Combination plates: $9.99 to $19.99
1208 N Fort Harrison Ave. Suite B, Clearwater; (727) 386-4160
SMOKIN' J'S | GULFPORT
Started in a trailer parked at a Chevron service station in South Pasadena, Smokin' J's moved into a converted house in Gulfport about 2 miles away, the trailer replaced by a huge smoker housed in a shed in the parking lot. Originally from Dallas, owners John and Lisa Riesebeck specialize in Texas-style barbecue, so brisket is their specialty. But the pulled pork is a star — moist, tender with the right amount of smokiness. John is the pit master, and you usually will find him in the kitchen. He knows how to make the ribs just about perfect. It's a tiny place, just a couple of picnic tables inside, so you might find more people outside waiting for takeout orders. Be sure to try the ranch-style beans, savory with a hint of smoke.
Combination plates: $8.50 to $18
5145 Gulfport Blvd., Gulfport; (727) 329-8624
DUNEDIN SMOKEHOUSE | DUNEDIN
This is barbecue in a sports bar setting, with six flat-screen TVs, outdoor seating, a full bar, a decent selection of craft beers and music on the weekends. At many barbecue restaurants, the sides are an afterthought, but they are practically the stars at the Dunedin Smokehouse, especially the Gouda mac and cheese, the jalapeno corn bread and the garlicky greens. But the barbecue — ribs, chicken, pulled pork, brisket, Montreal smoked meat — cried out for more smoke and seasoning.

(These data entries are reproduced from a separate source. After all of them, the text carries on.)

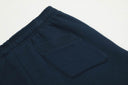 Pantalones de chándal de pernera ancha azul marino de Broken Planet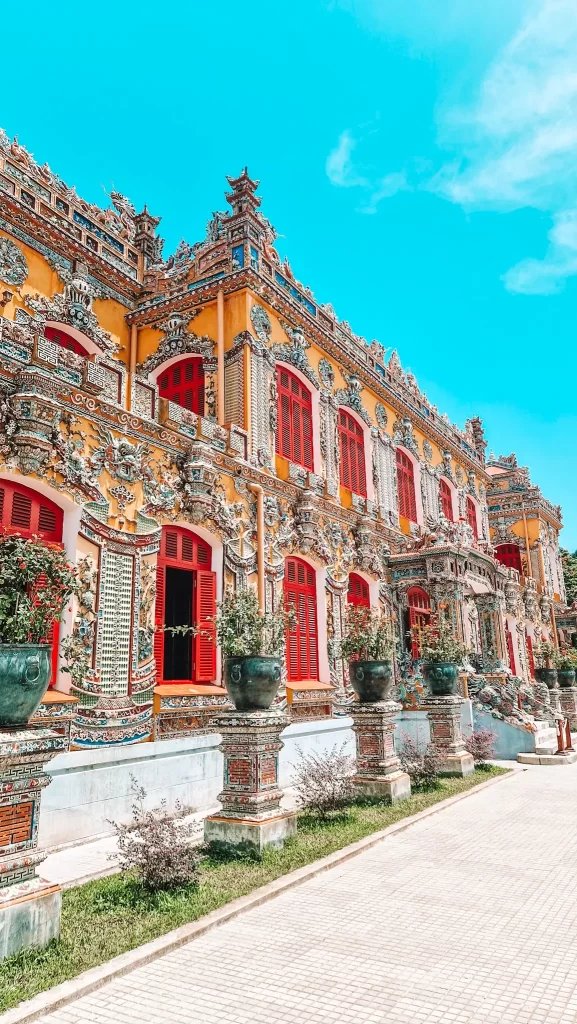 Close-up of the vibrant yellow and red exterior of the Imperial Palace, with elaborate mosaic details and large potted plants lining the walkway, capturing the rich heritage of 2 days in Hue.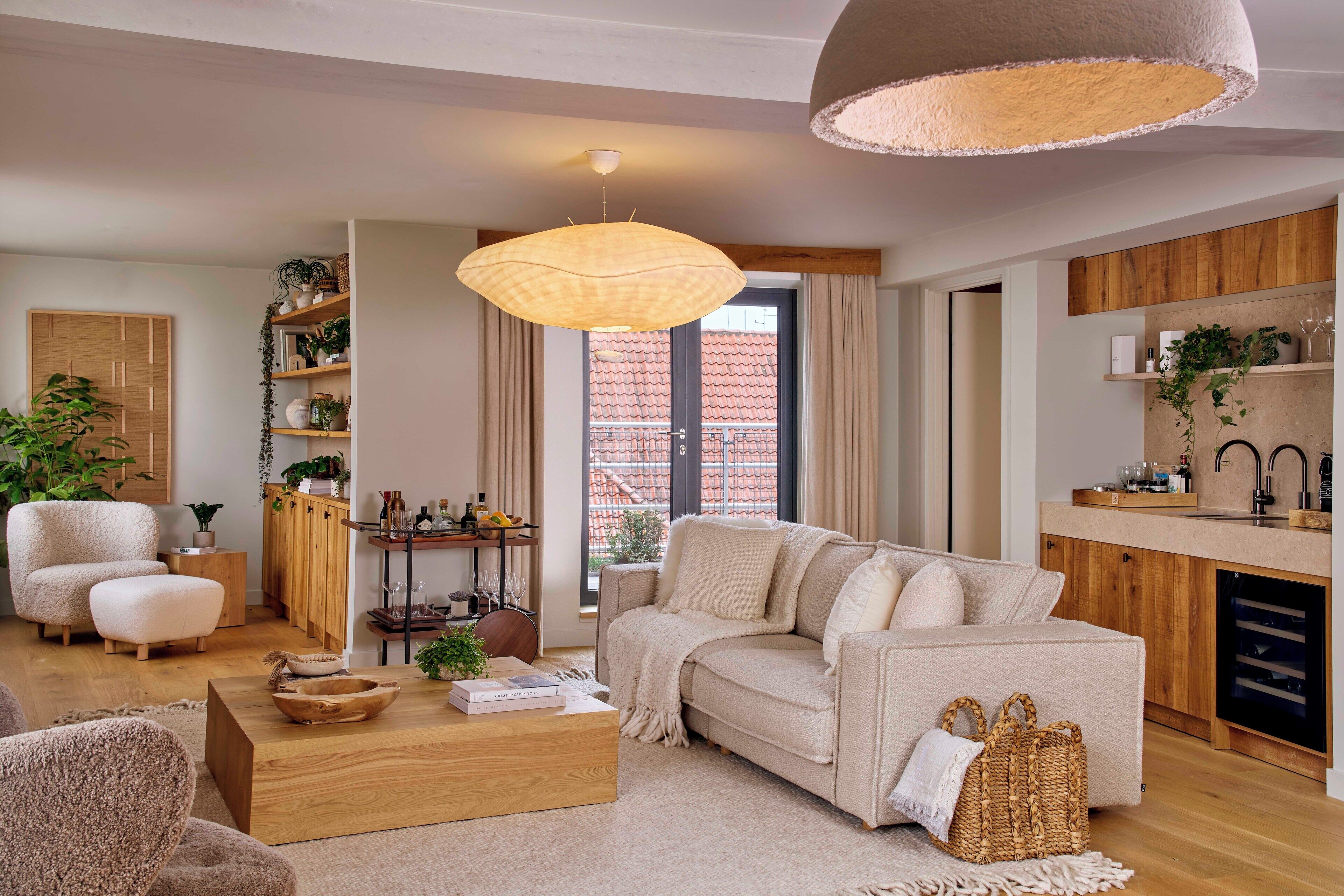 Ein modernes Wohnzimmer mit einer Couch, einem Couchtisch und einer Pendelleuchte.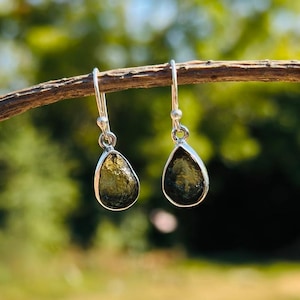 May include: A pair of silver dangle earrings with teardrop-shaped green gemstones.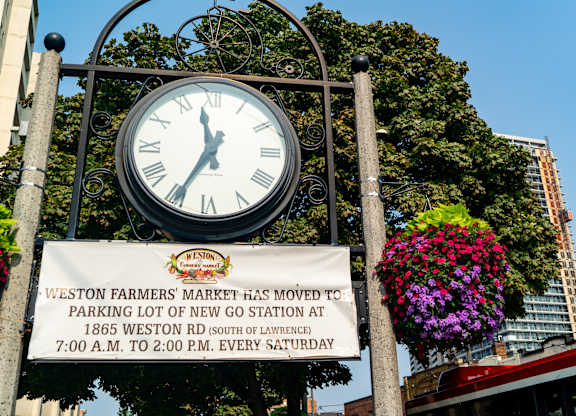 a large clock in front of a sign for the west end farmers market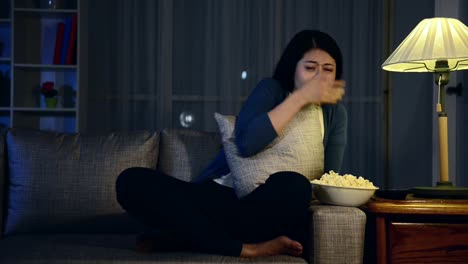 attractive-sweet-woman-sitting-on-comfortable-sofa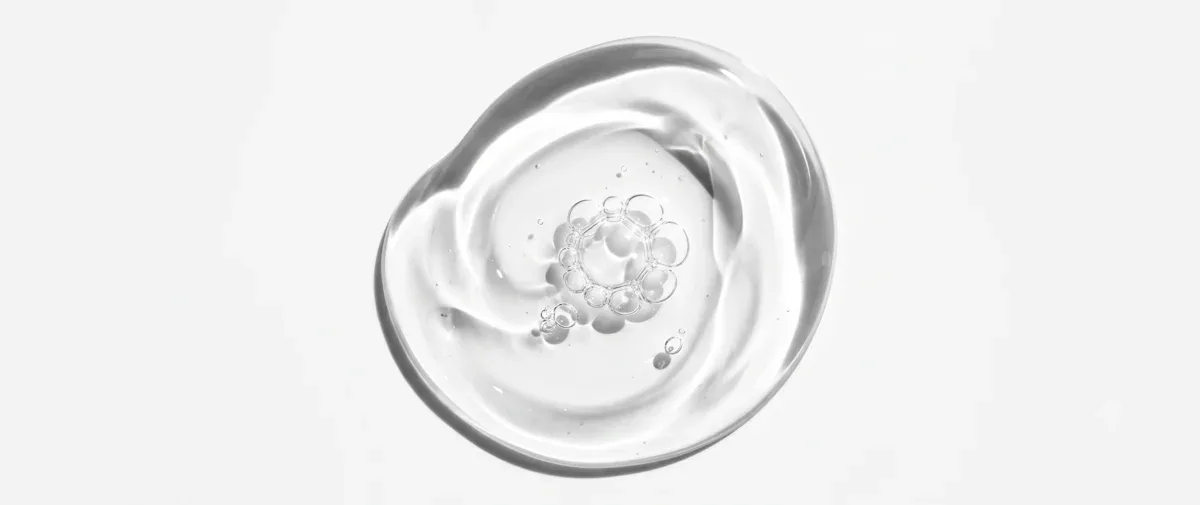 Swirl of clear, viscous glycerin on a white background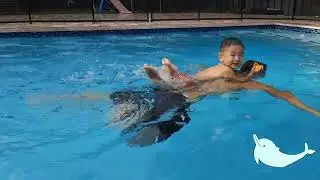 Daddy gave ET a dolphin ride 🐬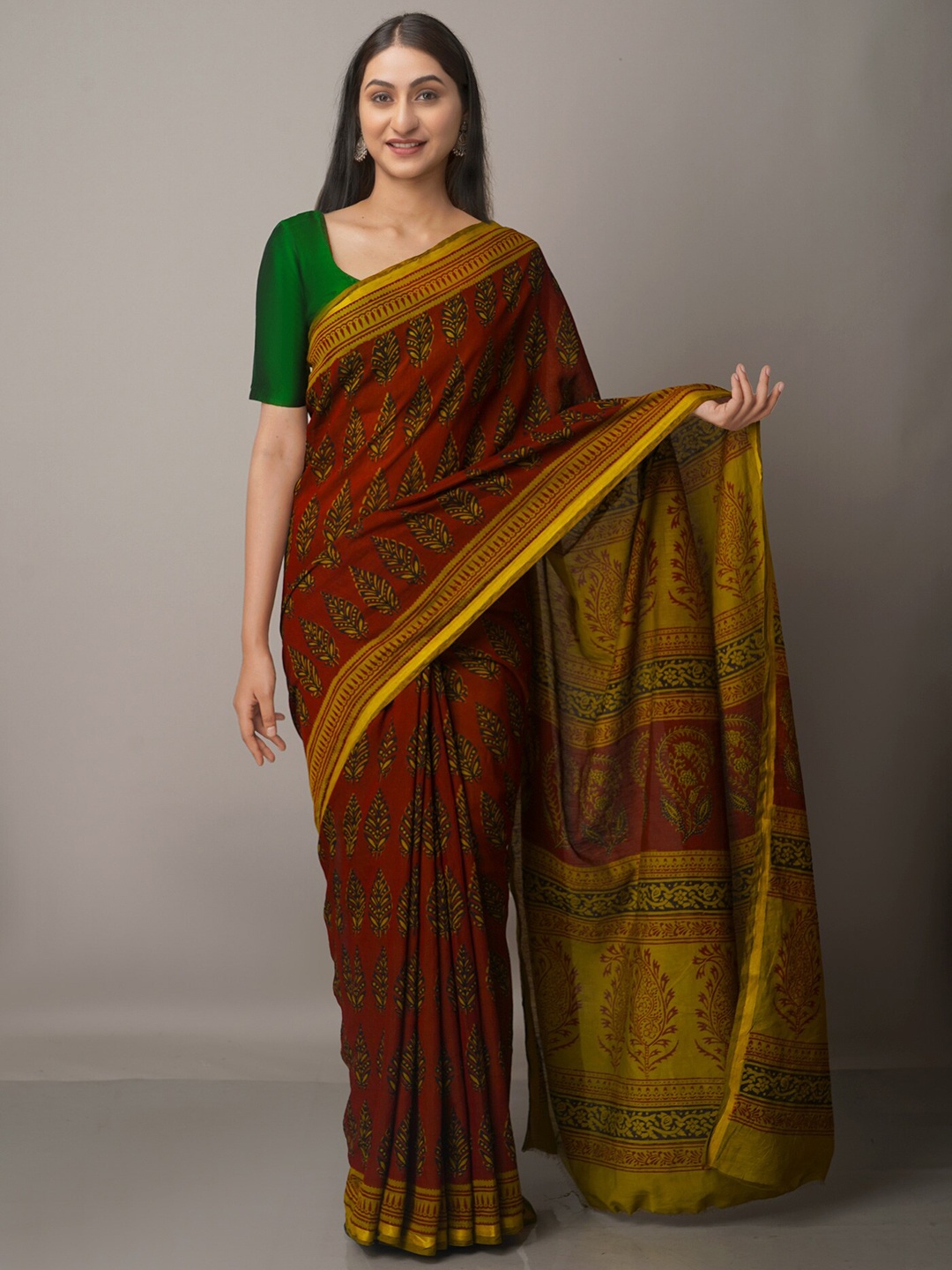 

Unnati Silks Maroon & Green Ethnic Motifs Zari Pure Cotton Chanderi Saree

Combination plates: $21 to $24
680 Main St., Dunedin; (727) 736-2227
POPPA'S BBQ | CLEARWATER
If not for the lousy economy, Mike DeWeese might still be a purchaser for an electronics company. DeWeese, 57, grew up around barbecue in Memphis, where his dad was a VFW leader and always manned the smoker for events. DeWeese got into competitive barbecuing a few years ago and proudly displays his trophies on the front counter. Then he got laid off. "I took a year off and wondered, 'Hmmm, what am I gonna do?' I'd always wanted to do this anyway so I just decided to do it." He cooks over oak in a large black smoker parked in a shed in front of the restaurant in the middle of an industrial area off I-275. Split wood leans against the shed under the shade of a large oak tree. DeWeese keeps the menu simple: baby-back ribs, pulled pork and chicken, with beans, potato salad and cole slaw. His specialty is Memphis-style ribs, so they are cooked with a dry rub and served without sauce. You can get sauce on the side, but it's unnecessary. The ribs are tender and flavorful enough, with a glaze that has a hint of apple. "He's a competition guy, and it shows,'' Dr. BBQ says, holding up a rib. The color is golden brown, the meat perfectly tender, the flavor not too smoky. The setup is as simple as the menu: a counter and half a dozen two-top tables and a cooler with soft drinks. Poppa's opened in June and is limited to weekday lunch hours only, though DeWeese is thinking about opening on Saturdays so his weekday customers can bring their families.